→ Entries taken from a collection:
—————
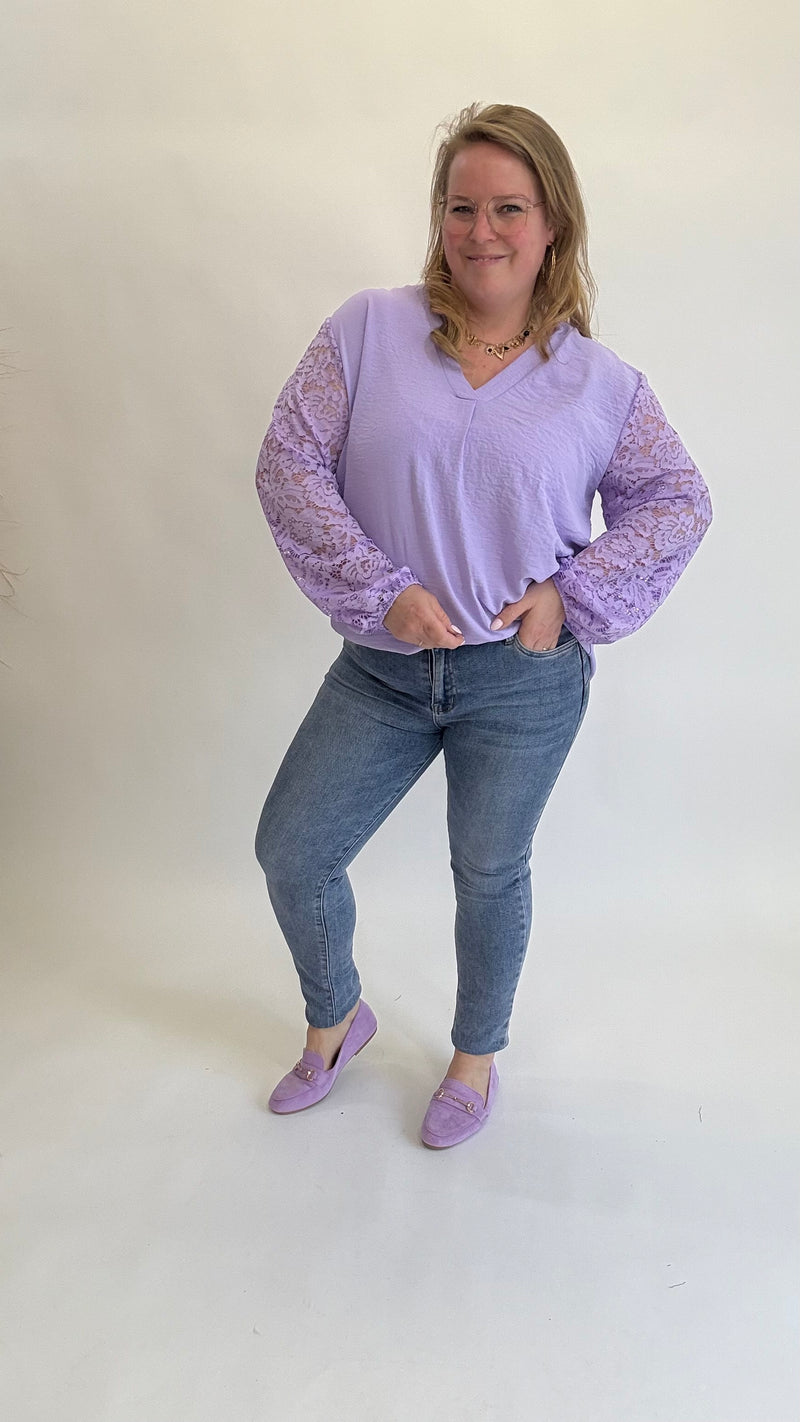 V-HALS TOP MET KANT - 1398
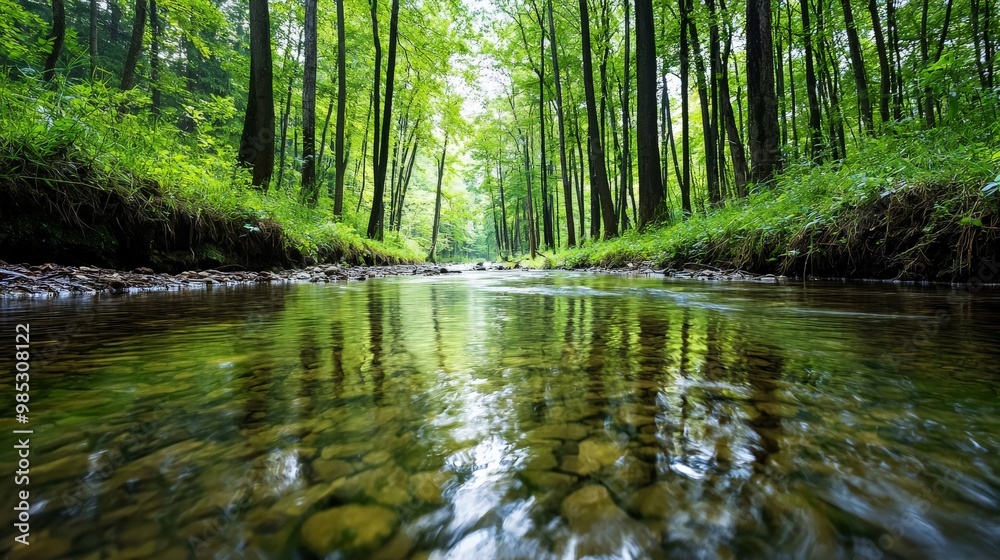 A stream flowing gently through a lush, green forest, its waters crystal clear and reflective of the surrounding trees A stream flowing gently through a lush, green forest, its waters crystal clear and reflective of the surrounding trees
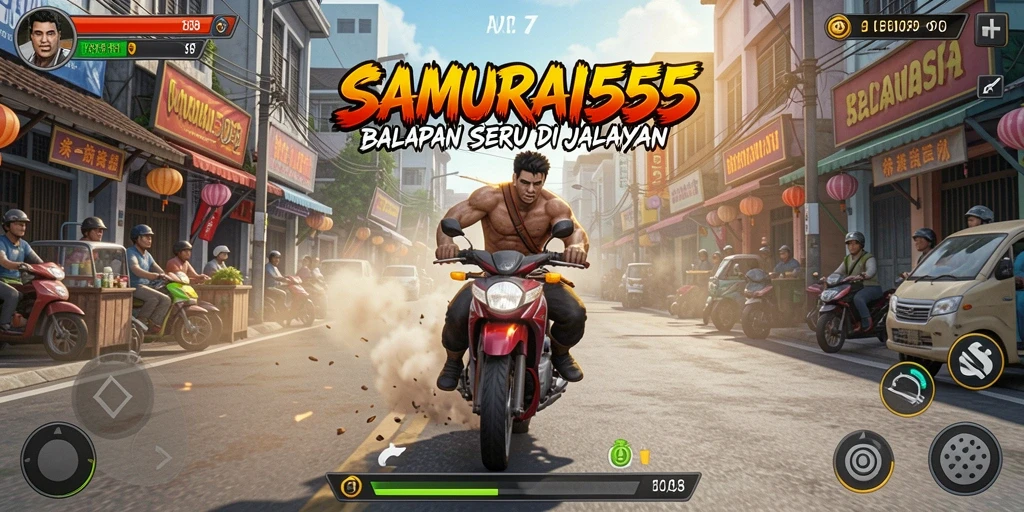 Tampilan gameplay <strong>SAMURAI555</strong> yang menegangkan dengan aksi balapan cepat.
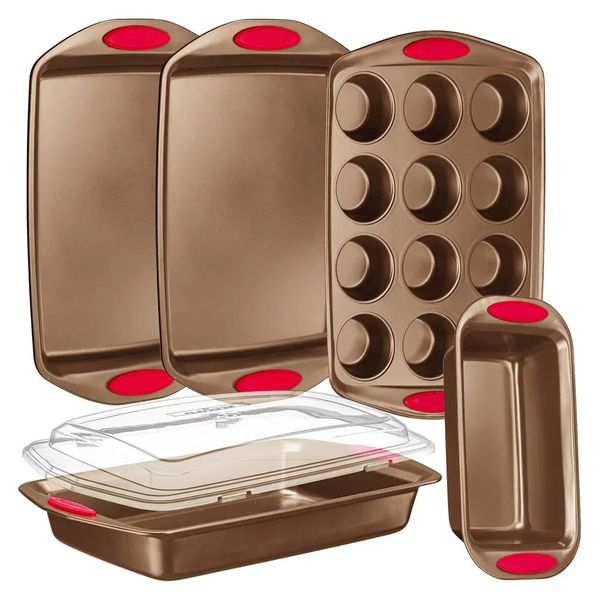 NutriChef 6Piece Baking Pan Set Flexible Nonstick Golden Coating Carbon Steel Bakeware GoldSuitable for Oven Refrigerator 240328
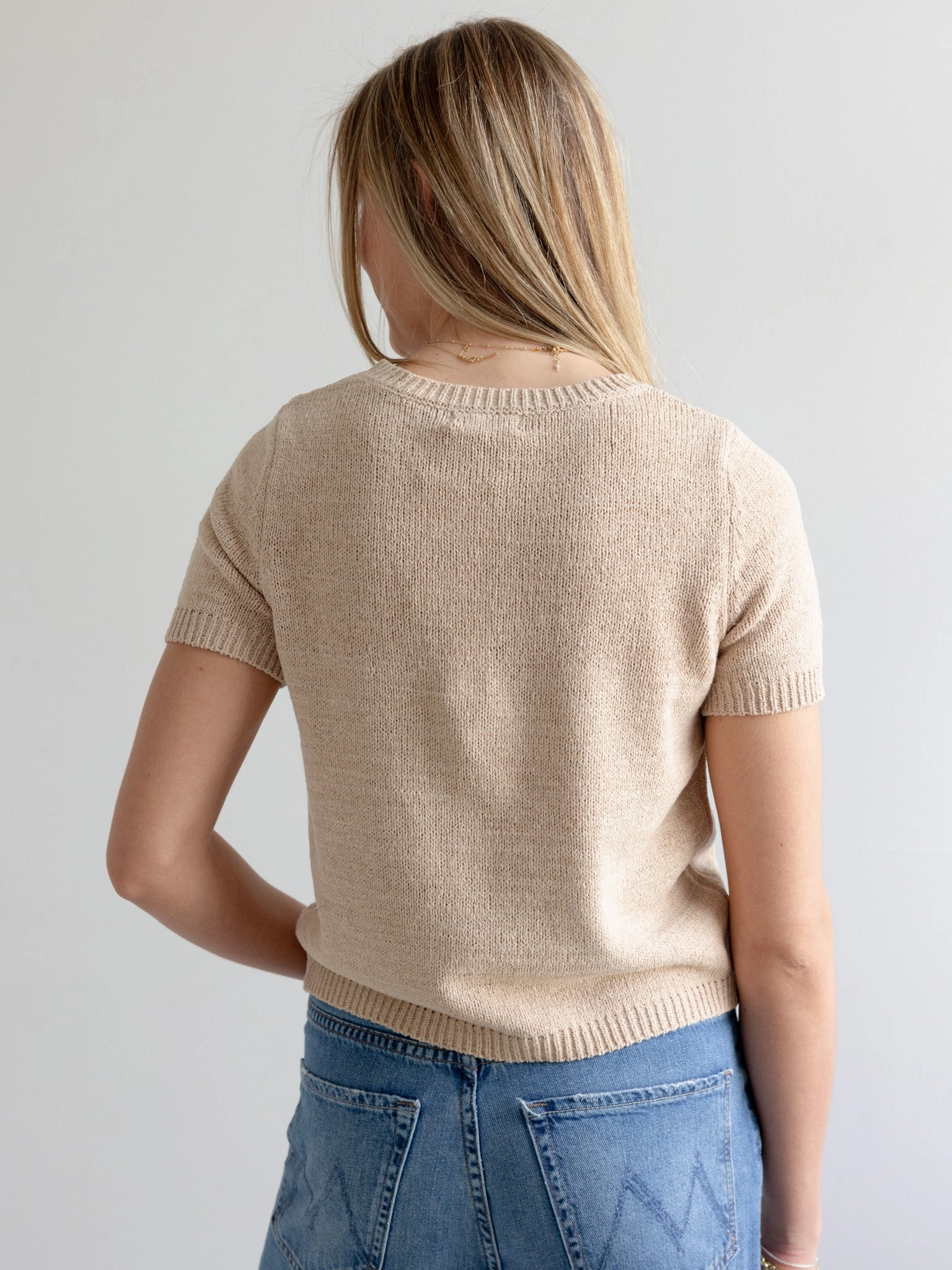 Natural Feel Lelia Short Sleeve Knit- Taupe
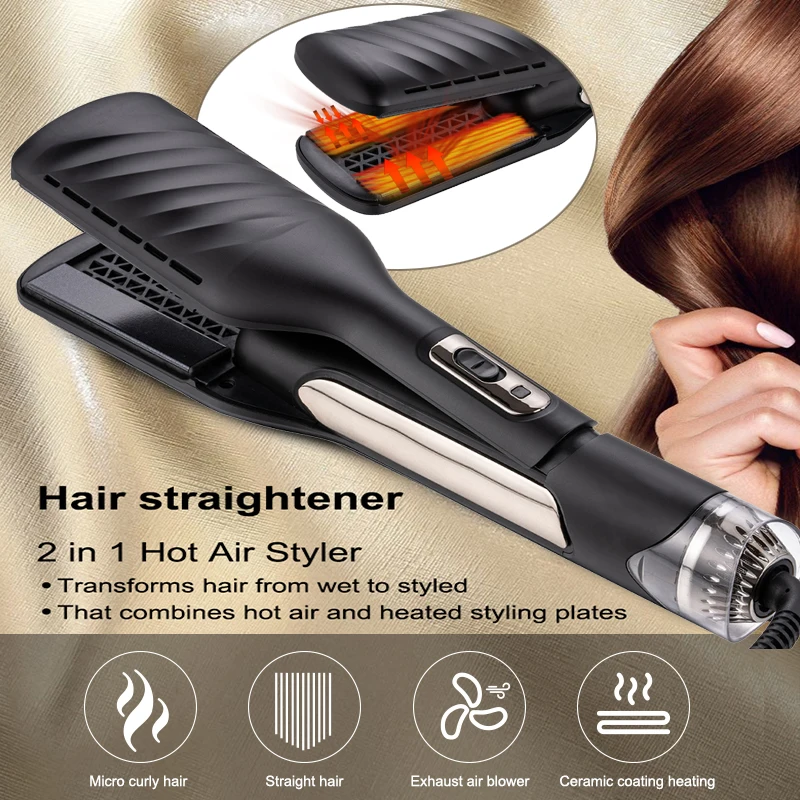 Professional Hair Styling Tools Titanium Custom 2-in-1 Flat Irons Duet Style Hot Air Styler Hair Straightener Hair Dryer Iron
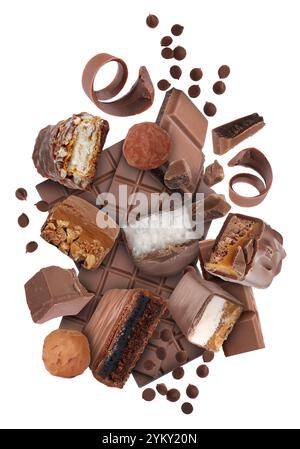 Different chocolate products in air on white background Stock Photo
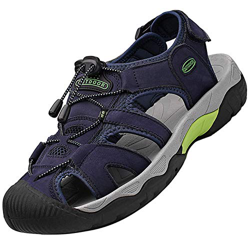 Topwolve Sandalias Deportivas para Hombre Verano Exterior Senderismo Zapatos Transpirable Peso Ligero Cuero Sandalias de Playa Trekking Casual Antides características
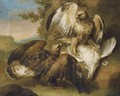 Still Life With Two Falcons With Their Prey In A Landscape - French School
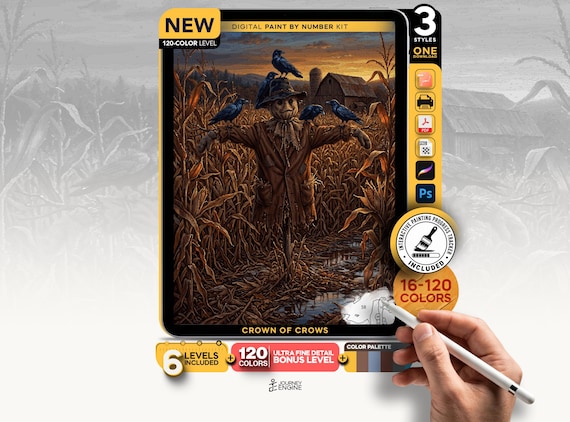 Scarecrow paint by numbers digital kit, Halloween Crow Cornfield Art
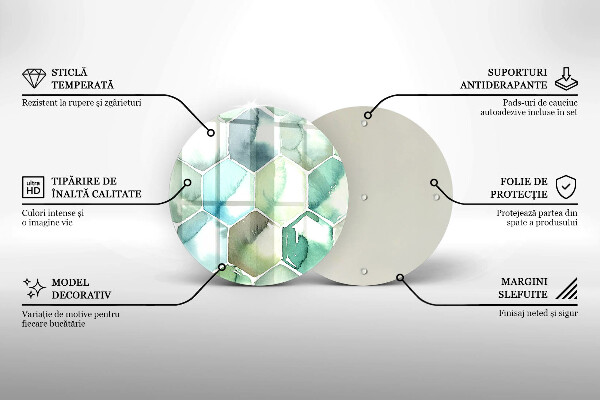 Tábua de cortar alimentos Hexágonos em aquarela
—————
→ Problem requirements: Write out every line of the entries above exactly, and omit their pictures.

→ Answer space:
 V-HALS TOP MET KANT - 1398
 A stream flowing gently through a lush, green forest, its waters crystal clear and reflective of the surrounding trees A stream flowing gently through a lush, green forest, its waters crystal clear and reflective of the surrounding trees
 Tampilan gameplay <strong>SAMURAI555</strong> yang menegangkan dengan aksi balapan cepat.
 NutriChef 6Piece Baking Pan Set Flexible Nonstick Golden Coating Carbon Steel Bakeware GoldSuitable for Oven Refrigerator 240328
 Natural Feel Lelia Short Sleeve Knit- Taupe
 Professional Hair Styling Tools Titanium Custom 2-in-1 Flat Irons Duet Style Hot Air Styler Hair Straightener Hair Dryer Iron
 Different chocolate products in air on white background Stock Photo
 Topwolve Sandalias Deportivas para Hombre Verano Exterior Senderismo Zapatos Transpirable Peso Ligero Cuero Sandalias de Playa Trekking Casual Antides características
 Still Life With Two Falcons With Their Prey In A Landscape - French School
 Scarecrow paint by numbers digital kit, Halloween Crow Cornfield Art
 Tábua de cortar alimentos Hexágonos em aquarela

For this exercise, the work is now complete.